> [WHAT THE EXERCISE ASKS]: When you reach a picture, skip it, and retype every line below exactly.

> [DATASET EXTRACT]:

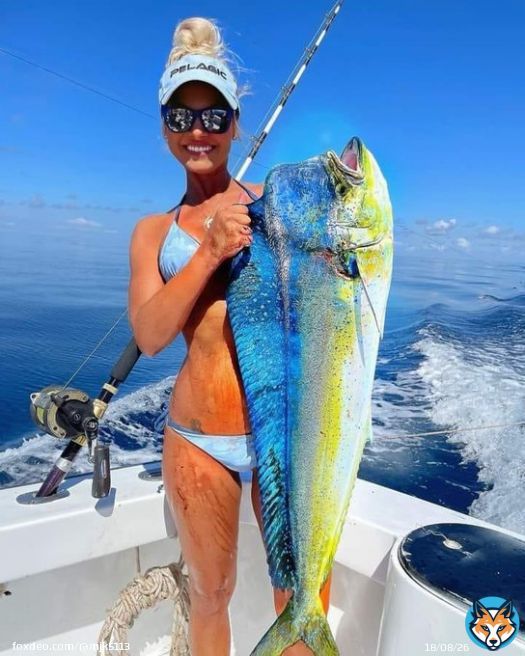 Look&hellip;We Match  #MahiMonday #PelagicGirl #BigBull #PrettyInBlue #LaborDay #BikiniBeauty
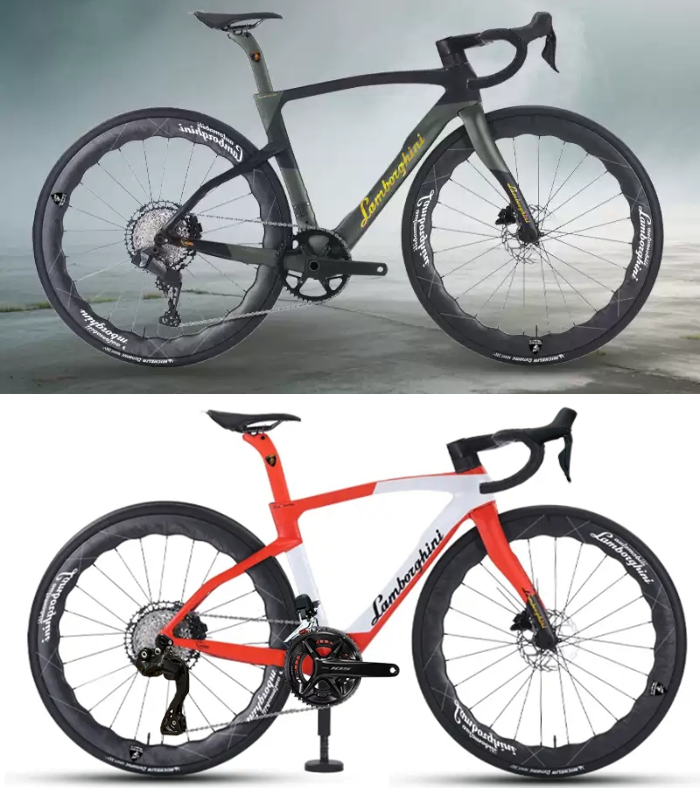 Lamborghini Terzo Millennio T7000 Carbon Electric Road Bike | Shimano 105 Di2 | 8.5kg | 24-Speed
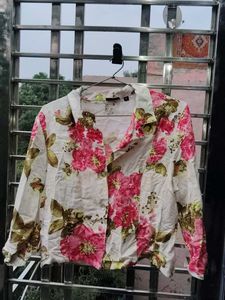 Multicolored Crop Shirt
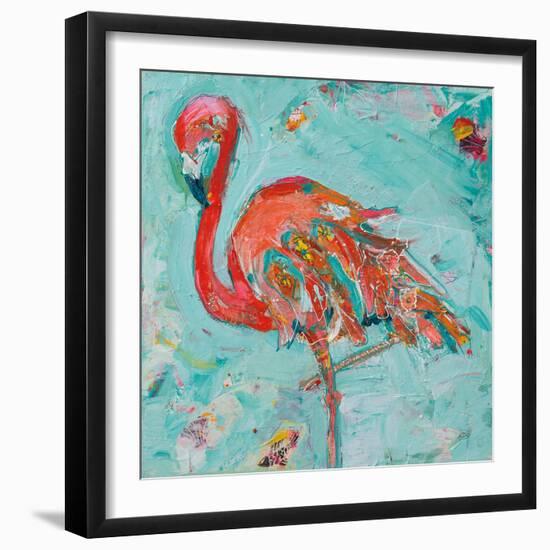 Flamingo-Kellie Day-Framed Art Print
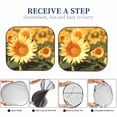 thumbnail image 5 of Goofa Golden Sunflower In Field Pattern 2 Piece Car Windshield Sun Shade Foldable | Front Windshield Shade for Sun, Heat and UV Rays | Sunshade for Car Front Window-Medium, 5 of 7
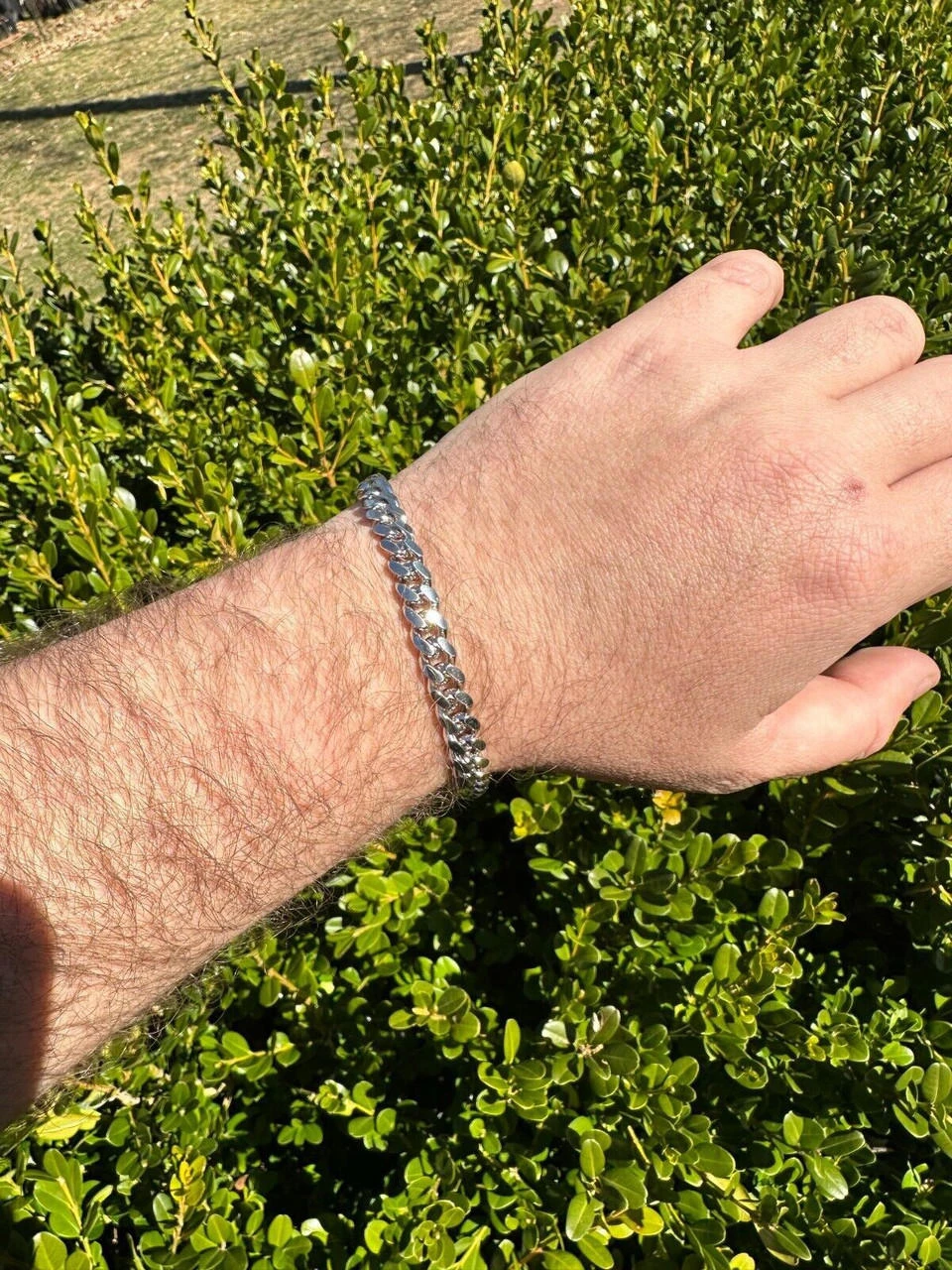 Real Miami Cuban Link Bracelet 925 Silver Baguette MOISSANITE Clasp Pass Tester 19 Real Miami Cuban Link Bracelet 925 Silver Baguette MOISSANITE Clasp Pass Tester - Image 17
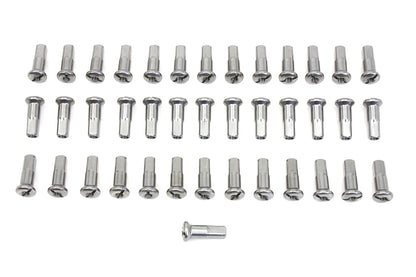 V-Twin Spoke 40 Piece Cadmium Nipple Set for Harley Davidson FL Models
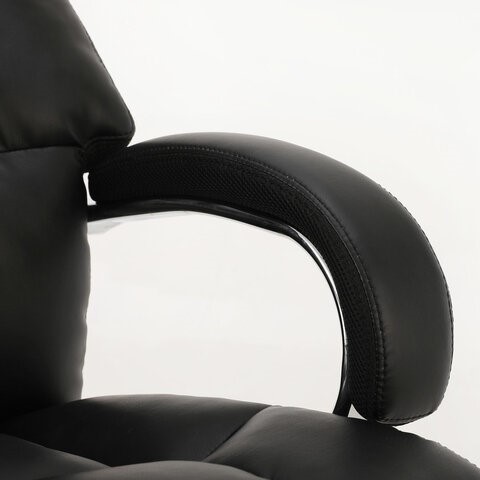 Компьютерное кресло Brabix Premium Bomer HD-007 (рециклированная кожа, хром, черное) 531939 в Барнауле - изображение 4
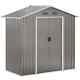 Heavy Duty Garden Shed Walk-in Double Sliding Door Tool Equipment Storage Grey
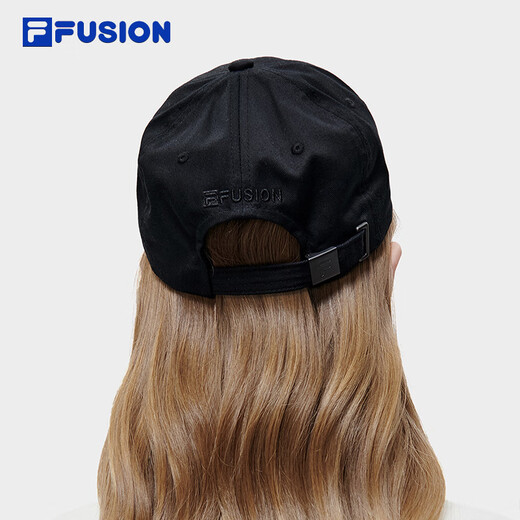 FILA FUSION Official fashion brand sports baseball cap for men and women, trendy casual hat, white white hat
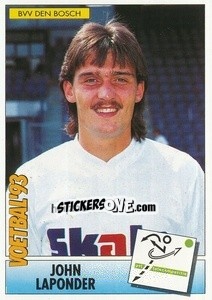 Cromo John Laponder - Voetbal 1992-1993 - Panini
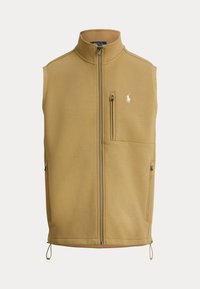 DOUBLE-KNIT MOCKNECK VEST - Liemenė - desert tan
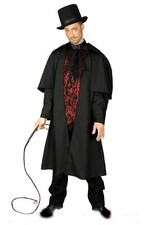 Kostüm Kutschermantel Weste Jabot Dracula Vampir Gr. 46/48 Halloween Karneval 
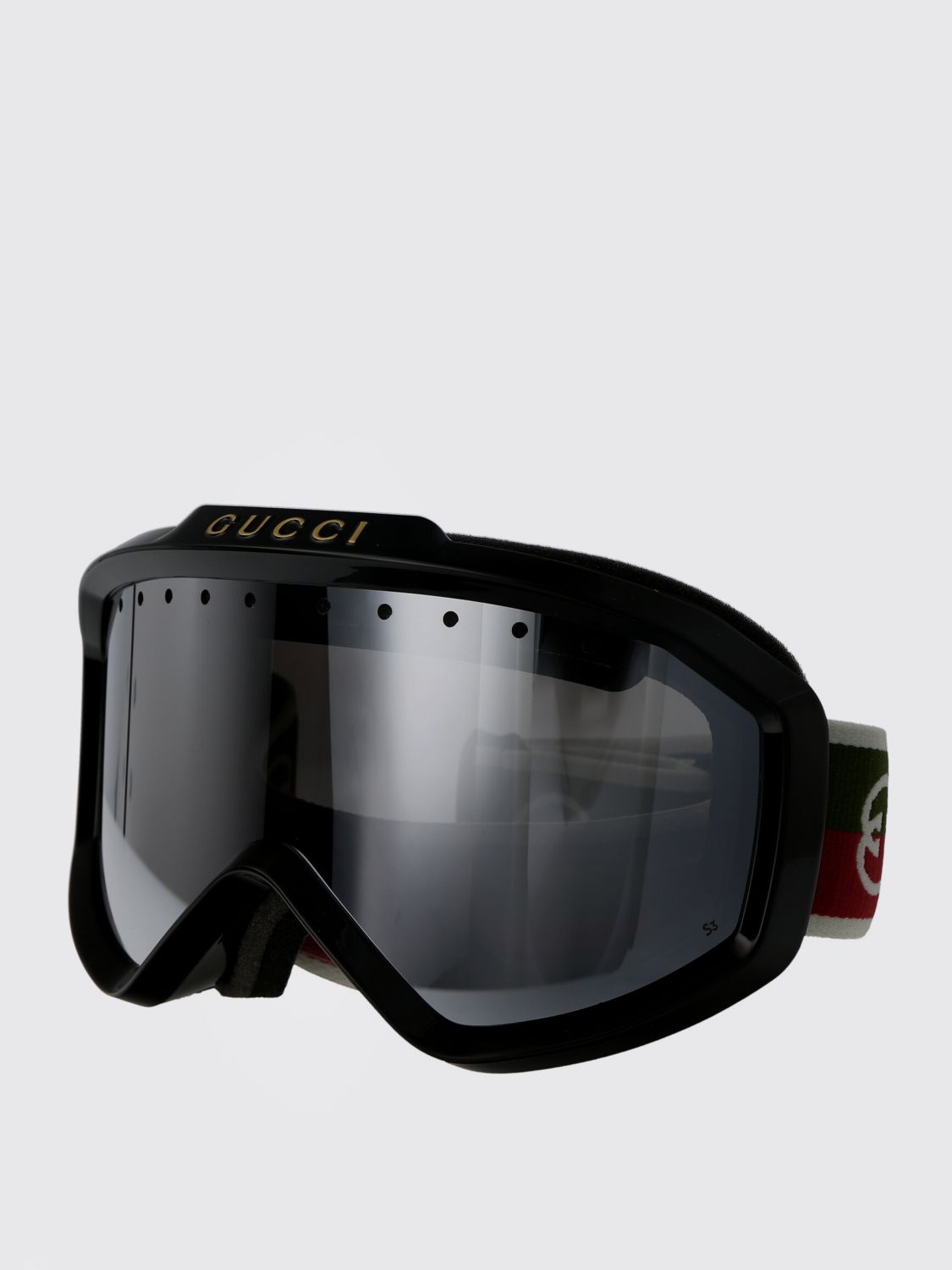 Gucci Sunglasses Men Black goggles sports skiing motorcycle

> [EXPECTED OUTPUT]:
 Look&hellip;We Match  #MahiMonday #PelagicGirl #BigBull #PrettyInBlue #LaborDay #BikiniBeauty
 Lamborghini Terzo Millennio T7000 Carbon Electric Road Bike | Shimano 105 Di2 | 8.5kg | 24-Speed
 Multicolored Crop Shirt
 Flamingo-Kellie Day-Framed Art Print
 thumbnail image 5 of Goofa Golden Sunflower In Field Pattern 2 Piece Car Windshield Sun Shade Foldable | Front Windshield Shade for Sun, Heat and UV Rays | Sunshade for Car Front Window-Medium, 5 of 7
 Real Miami Cuban Link Bracelet 925 Silver Baguette MOISSANITE Clasp Pass Tester 19 Real Miami Cuban Link Bracelet 925 Silver Baguette MOISSANITE Clasp Pass Tester - Image 17
 V-Twin Spoke 40 Piece Cadmium Nipple Set for Harley Davidson FL Models
 Компьютерное кресло Brabix Premium Bomer HD-007 (рециклированная кожа, хром, черное) 531939 в Барнауле - изображение 4
 Heavy Duty Garden Shed Walk-in Double Sliding Door Tool Equipment Storage Grey
 FILA FUSION Official fashion brand sports baseball cap for men and women, trendy casual hat, white white hat
 Cromo John Laponder - Voetbal 1992-1993 - Panini
 DOUBLE-KNIT MOCKNECK VEST - Liemenė - desert tan
 Kostüm Kutschermantel Weste Jabot Dracula Vampir Gr. 46/48 Halloween Karneval 
 Gucci Sunglasses Men Black goggles sports skiing motorcycle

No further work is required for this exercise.